THE TASK
Set down the final stretch of the data, from the line that holds "Photo of Different" through the last line, both included, with pictures left out.

THE INPUT

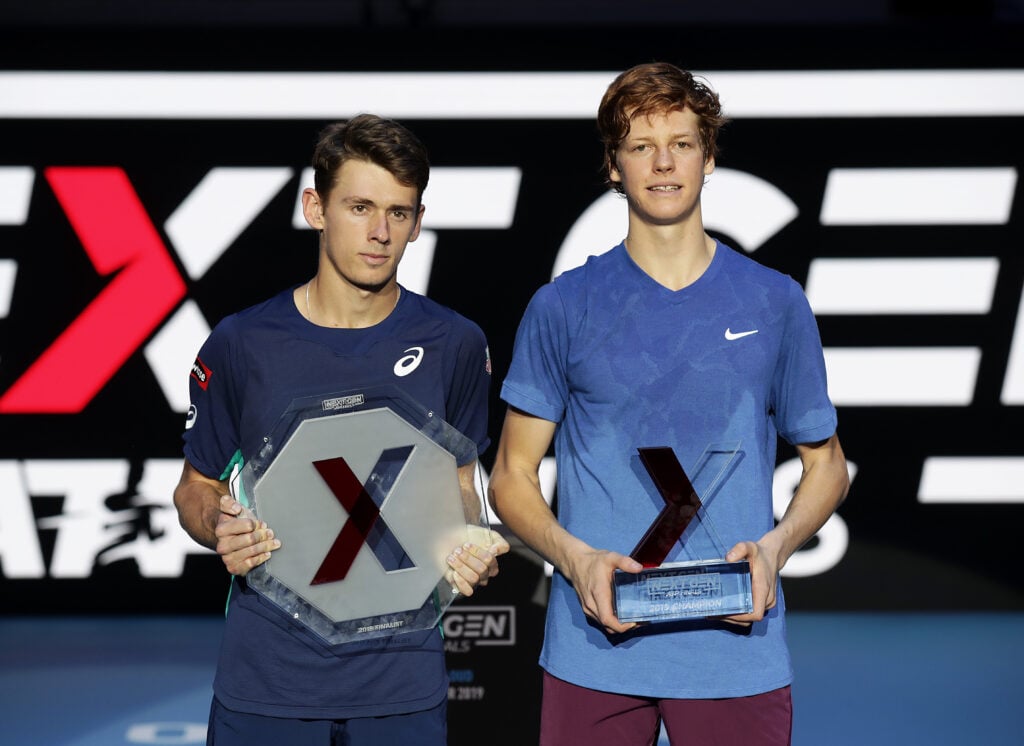 Alex de Minaur and Jannik Sinner pose with their Next Gen titles in 2019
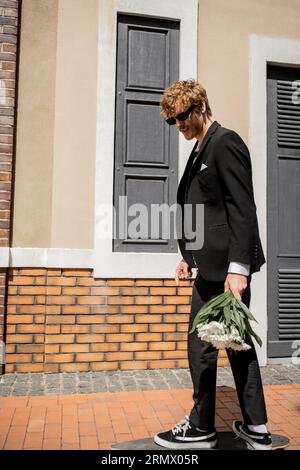 homme élégant en costume noir et lunettes de soleil marchant dans la rue de la ville, marié avec bouquet de mariage Banque D'Images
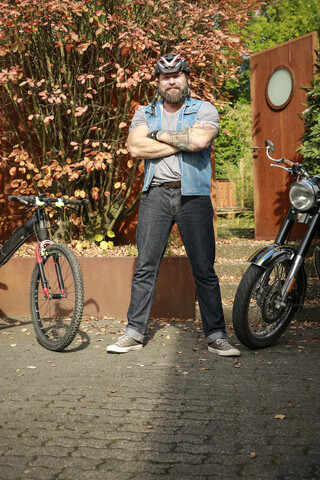 Porträt eines Mannes, der zwischen einem Motorrad und einem Fahrrad steht, lizenzfreies Stockfoto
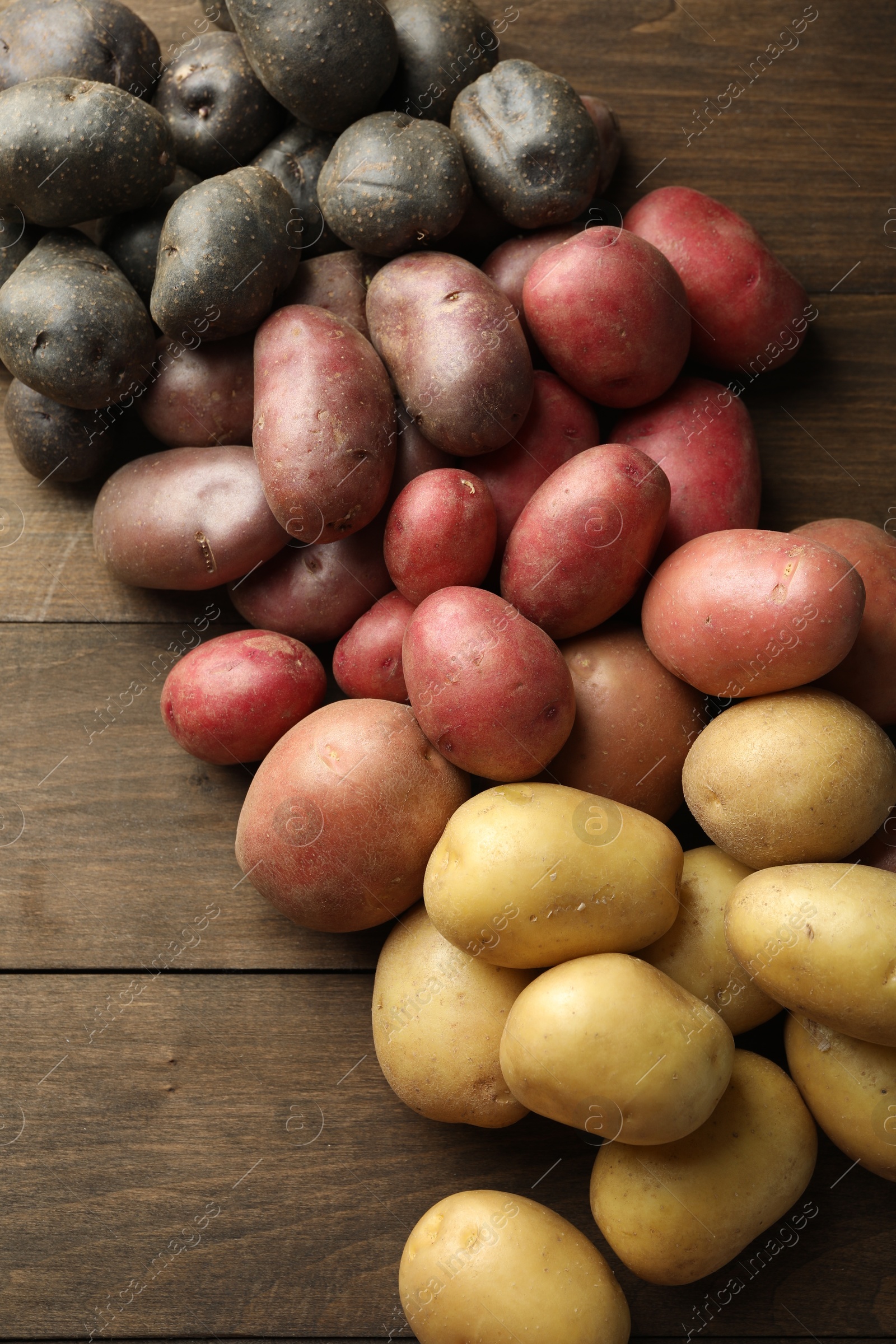 Photo of Different types of potatoes on wooden table, above view
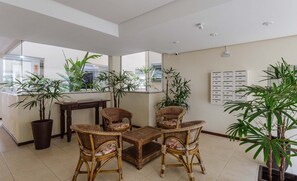 A spacious living area with wicker furniture, large windows, and potted plants. - Penthouse With Private Pool and Barbecue Rgp302 (Florianópolis)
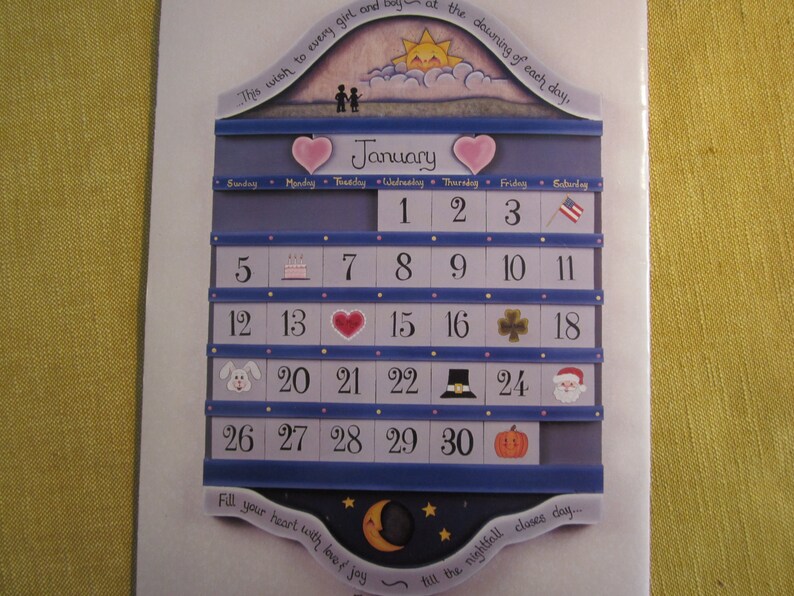 May include: A blue and white wooden calendar with a heart-shaped design. The calendar is for January and features a different icon for each day. The text "This wish to every girl and boy at the dawning of each day" is at the top of the calendar.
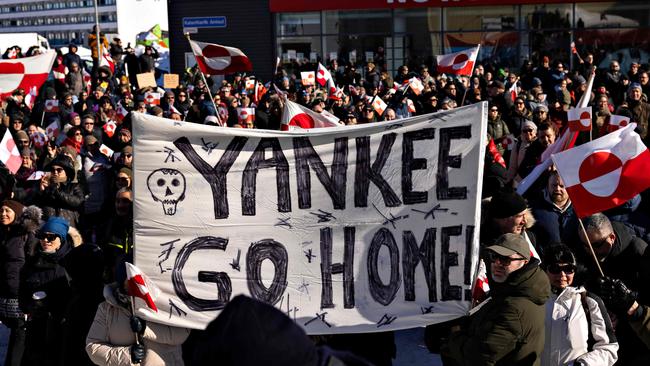 Protesters hold a banner reading "Yankee Go Home" during a march to the US consulate, in Nuuk, Greenland. Picture; AFP.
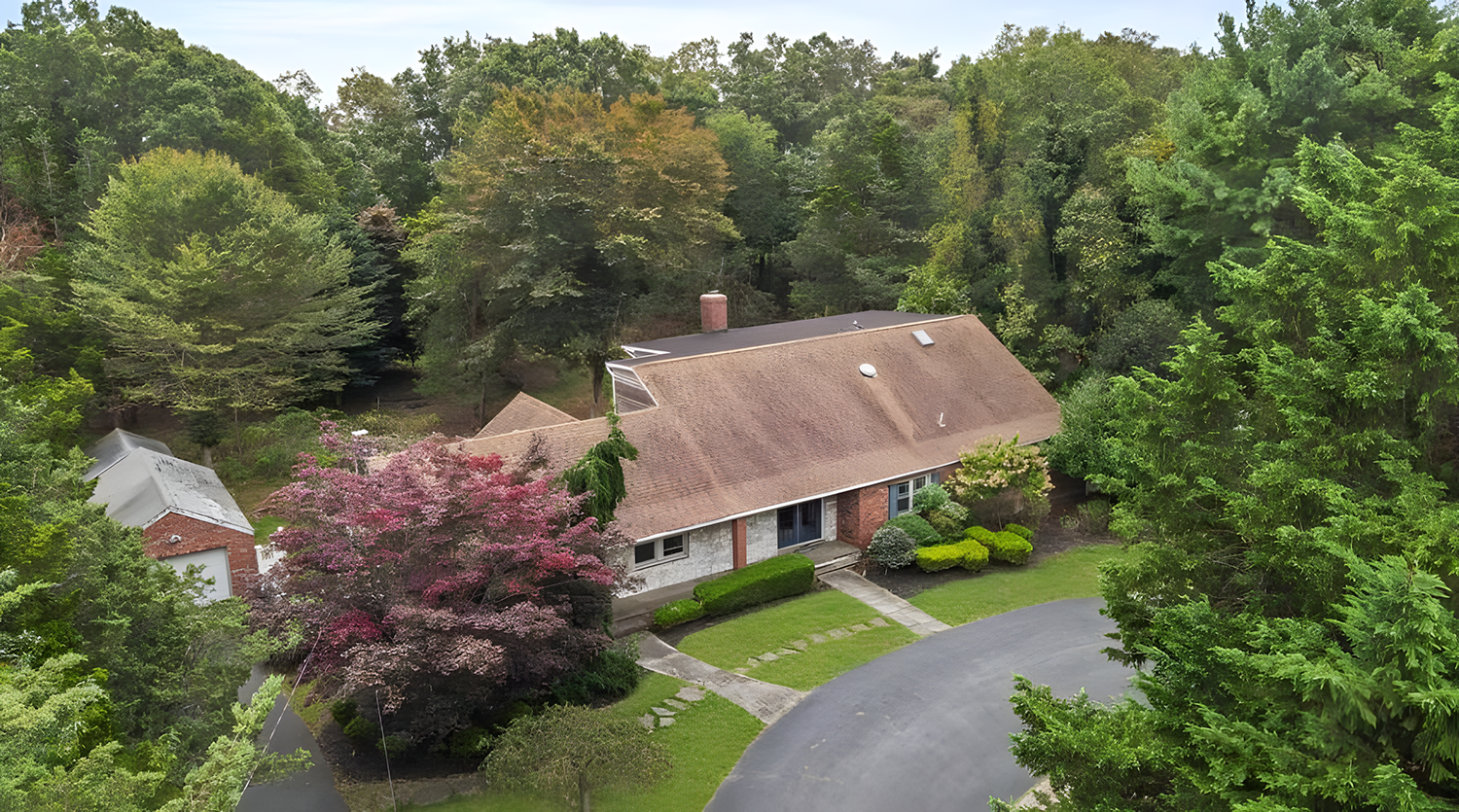 Aerial view of a single-story brick house surrounded by lush green trees and colorful flowering plants, with a curved driveway and a small front yard.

ANSWER SPACE
 Photo of Different types of potatoes on wooden table, above view
 A spacious living area with wicker furniture, large windows, and potted plants. - Penthouse With Private Pool and Barbecue Rgp302 (Florianópolis)
 May include: A blue and white wooden calendar with a heart-shaped design. The calendar is for January and features a different icon for each day. The text "This wish to every girl and boy at the dawning of each day" is at the top of the calendar.
 Protesters hold a banner reading "Yankee Go Home" during a march to the US consulate, in Nuuk, Greenland. Picture; AFP.
 Aerial view of a single-story brick house surrounded by lush green trees and colorful flowering plants, with a curved driveway and a small front yard.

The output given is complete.